Als professioneller Veranstaltungsbesucher und Podiumsbesetzer, versucht er anlässlich eines Kirchentages seiner Routine mal ein besonders menschelndes Antlitz zu geben. Schließlich ist hier ausnahmsweise Gott der Stargast und nicht er. Das maßgeschneiderte Büßerhemd ist deswegen ganz brüderlich aufgekrempelt. Die Erinnerung an die Ministrantenzeit gibt dann eine probate Einleitung für die folgende Rede ab, in der viel von Dingen die Rede ist, für die sonst leiderleider zu wenig Zeit bleibt. Diese kleinen Dinge. Außerdem wird die Gemeinschaft der Menschen, die Kühle des Wiesengrunds und Rückkehr zu Einfachheit und Besinnung mehrfach erwähnt, was sowohl den Asketen (Einfachheit), den jungen Glaubensfreak (Gemeinschaft!) und die Kirchentagstouristin (Wiesengrund!) direkt anspricht.

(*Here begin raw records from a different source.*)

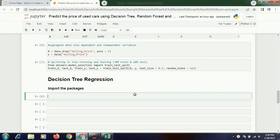So in the next part of this video what we are going to do is we will be trying to use a decision tree regression on the same dataset and try to see if it does improve the accuracy or not.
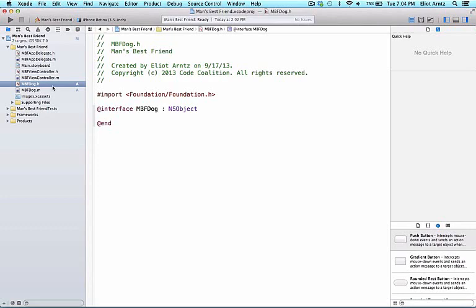Right now, you should see the hashtag import statement, which tells our class what other code it can see. This is a more efficient version of include. In this case, we're telling mbf-dog class to get access to the foundation library.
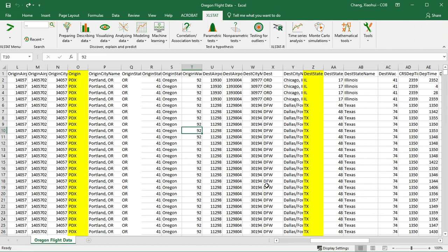I'm going to show you how you can create a contingency table using XLSTAT and also how to carry out a chi-square test using XLSTAT.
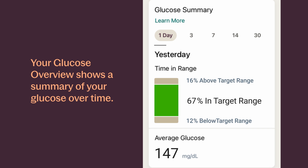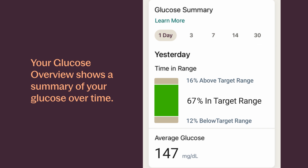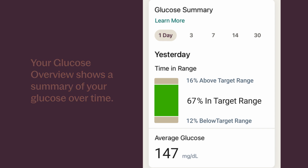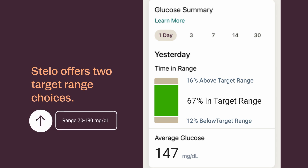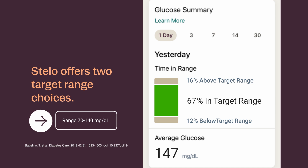You can choose between 1, 3, 7, 14, or 30 days. This report displays some key information. One is your time in range — the percentage of time your glucose levels were in low, target, and high ranges. Stelo offers two target range choices: 70 to 180, which is the international consensus for people with diabetes, and 70 to 140, which is for people without diabetes, including those with pre-diabetes.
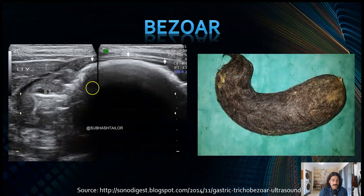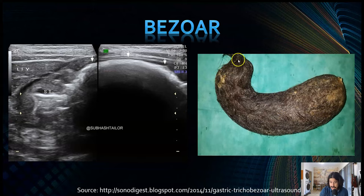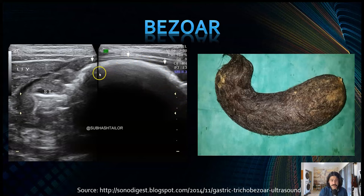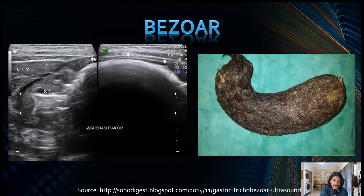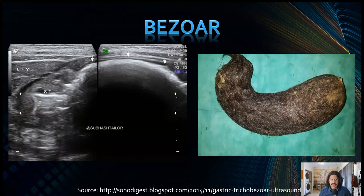Here's a case of a trichobezoar — you can see it's taking the shape of the stomach. On ultrasound you see this echogenic material with dirty shadowing, and a little bit of the liver, with the stomach going into the pyloric region. Obviously history can help: if you know the person has trichotillomania, that can help in the diagnosis of this condition.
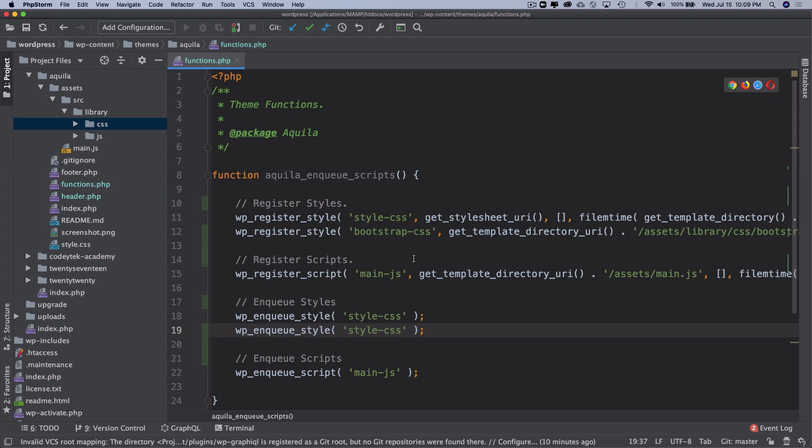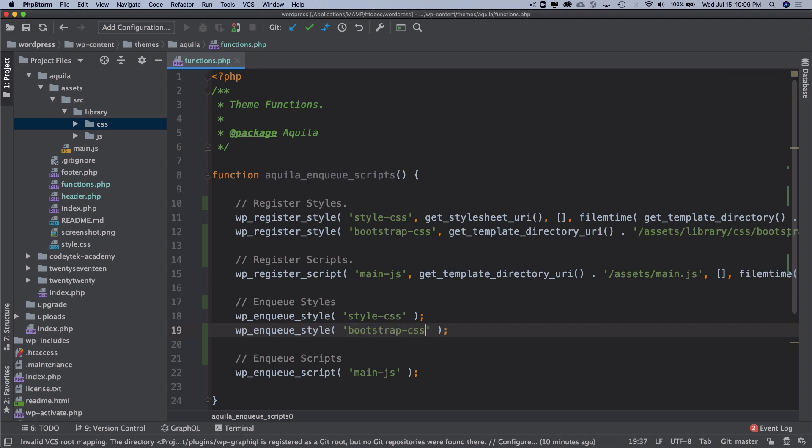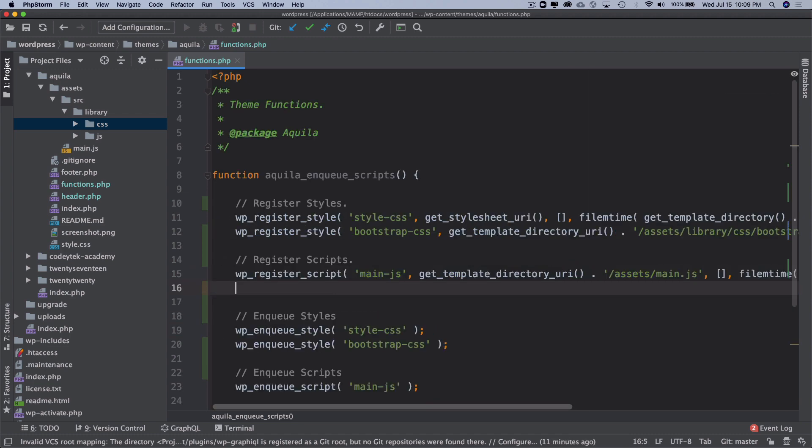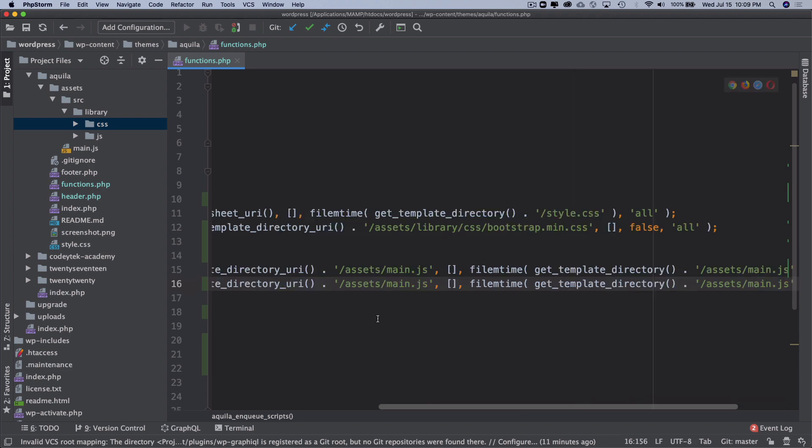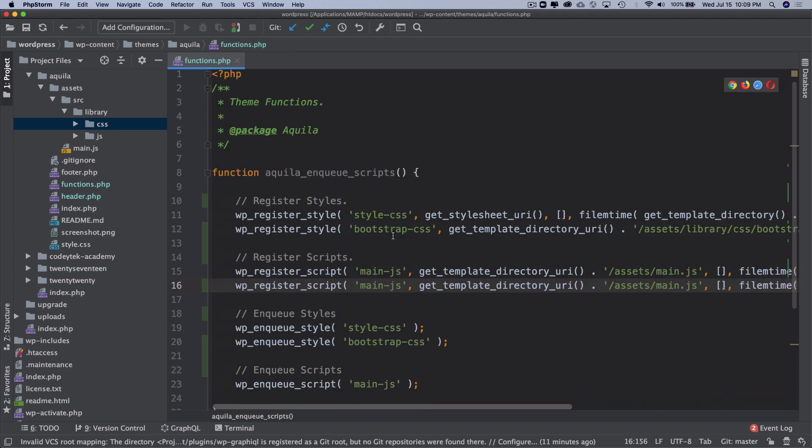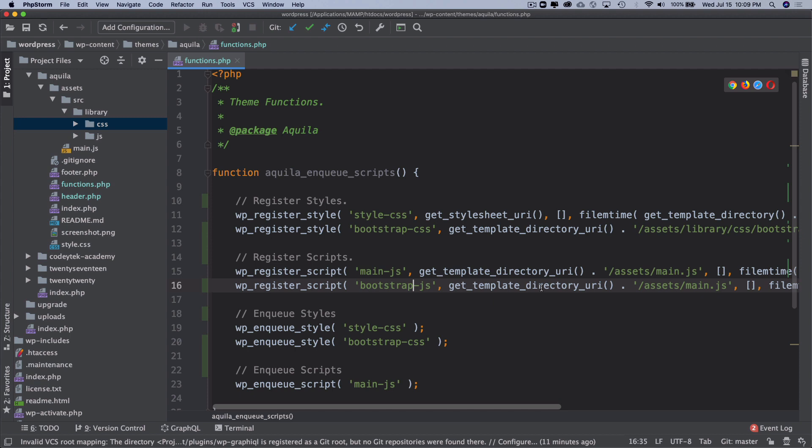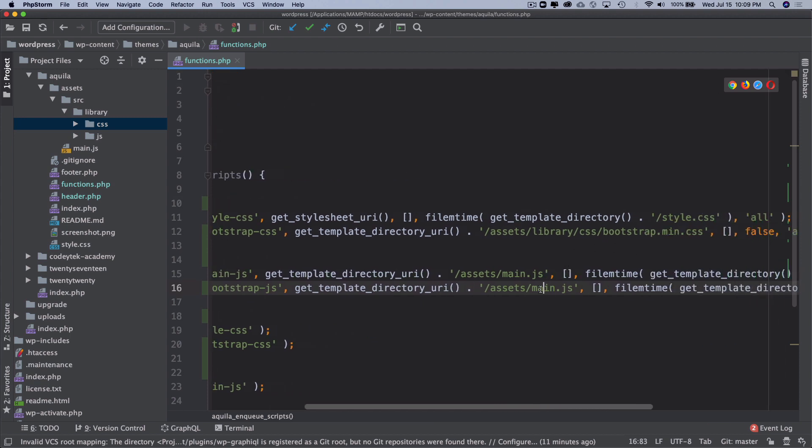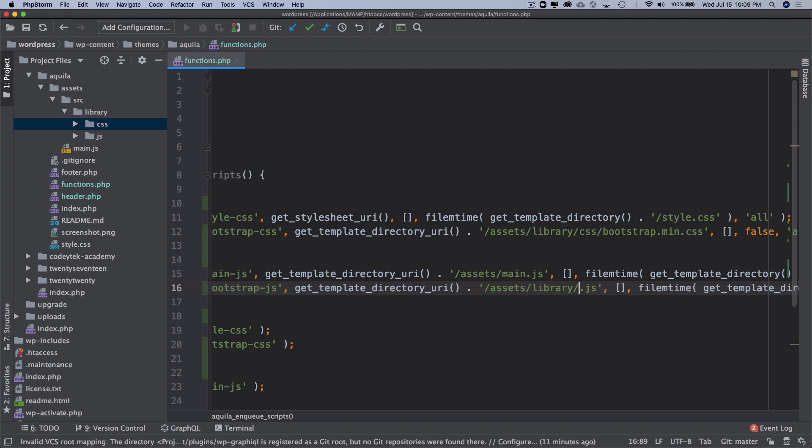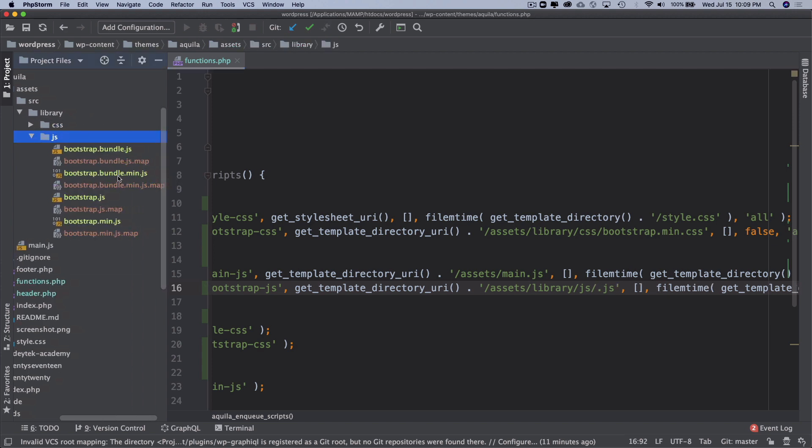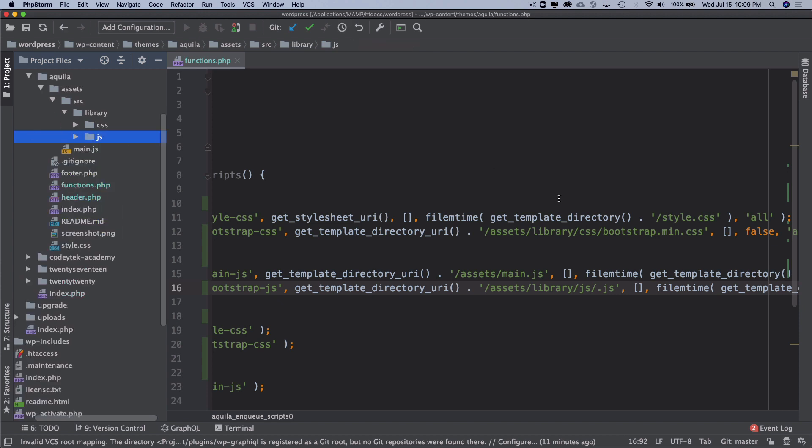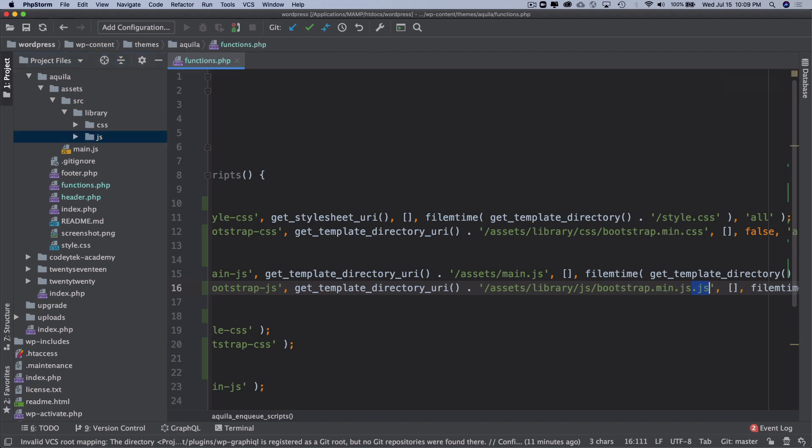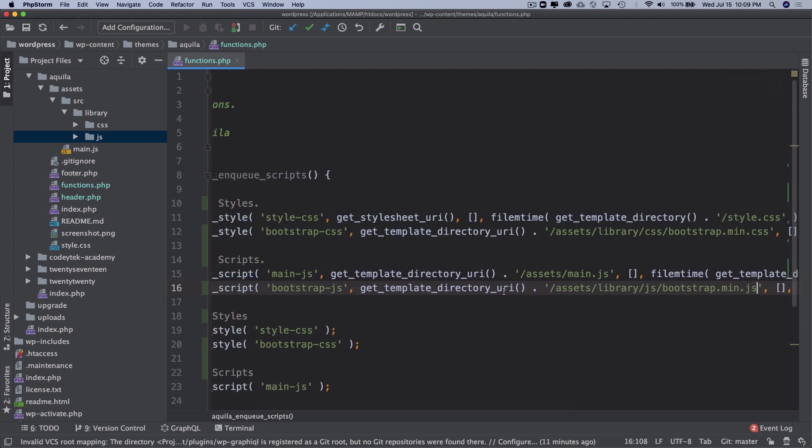Similarly for JavaScript as well, we're going to include that. This will be bootstrap-js, and it's inside of assets and then library/js, and we want to include bootstrap.min.js.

Am Ende folgt dann immer die ganz persönliche Lieblingsbibelstelle aus dem Brief des Paulus an die Galateer verbunden mit der dringenden Empfehlung ans Publikum, den Kirchentag zu genießen. Dann zieht es den politischen Gast schnell zurück in den Fond seiner Limousine, wo der Assistent nicht nur mit trostspendender Krawatte wartet sondern auch mit der Versicherung, dass der nächste Besuch des Dalai Lamas erst in zwei Monaten zu erwarten ist. Da ist dann die menschelnde Rede von eben durchaus schon wieder verwendbar.